Work to complete =>
Copy nothing from the entries below except the lines from the one containing "动物纹身图片：手臂3D彩色哈巴狗纹身图案" through the one containing "Outfoxed wins the", and copy those exactly.

Provided information =>
--

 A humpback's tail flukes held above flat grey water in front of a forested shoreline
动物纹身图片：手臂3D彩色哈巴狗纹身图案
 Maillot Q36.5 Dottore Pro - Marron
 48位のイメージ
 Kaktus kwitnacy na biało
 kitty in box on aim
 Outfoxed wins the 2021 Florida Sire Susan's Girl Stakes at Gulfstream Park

--

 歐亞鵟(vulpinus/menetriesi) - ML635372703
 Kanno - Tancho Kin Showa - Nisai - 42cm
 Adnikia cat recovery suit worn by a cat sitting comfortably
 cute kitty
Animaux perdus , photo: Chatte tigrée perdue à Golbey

--

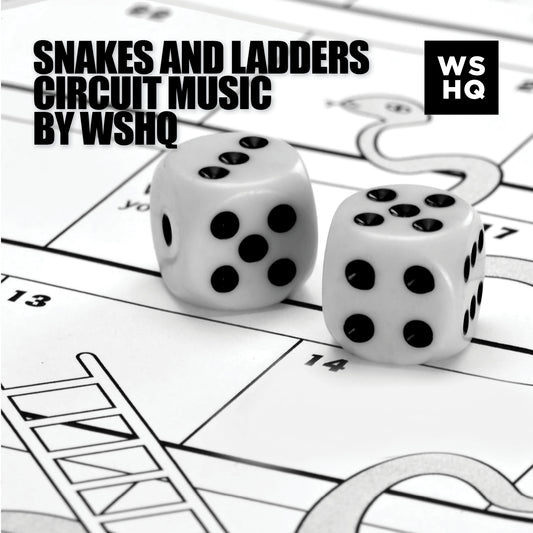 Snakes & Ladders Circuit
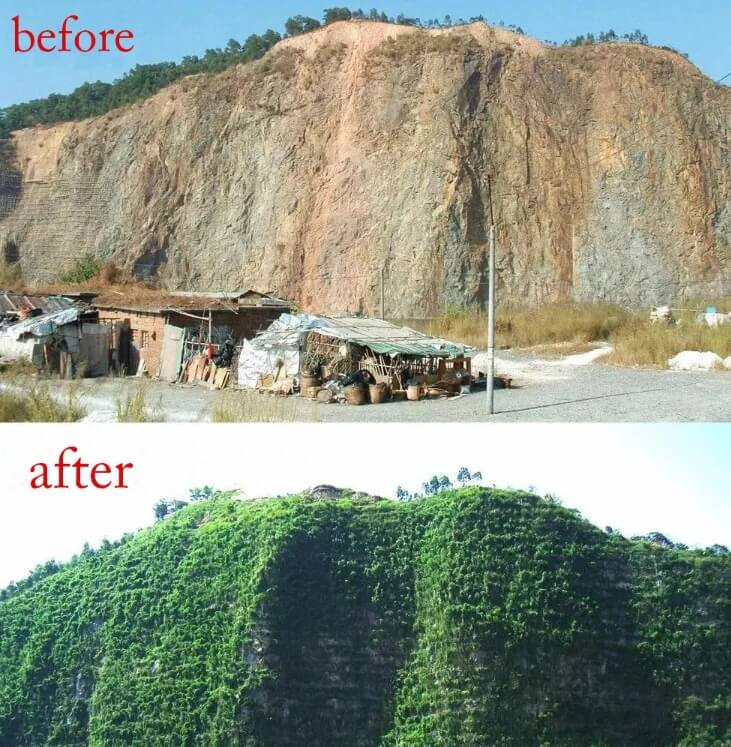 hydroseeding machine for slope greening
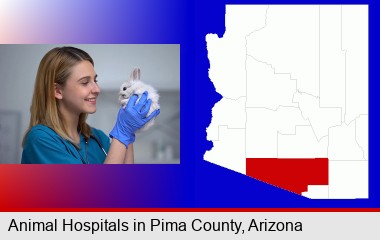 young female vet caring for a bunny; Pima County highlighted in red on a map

--

Response to the exercise =>
动物纹身图片：手臂3D彩色哈巴狗纹身图案
 Maillot Q36.5 Dottore Pro - Marron
 48位のイメージ
 Kaktus kwitnacy na biało
 kitty in box on aim
 Outfoxed wins the 2021 Florida Sire Susan's Girl Stakes at Gulfstream Park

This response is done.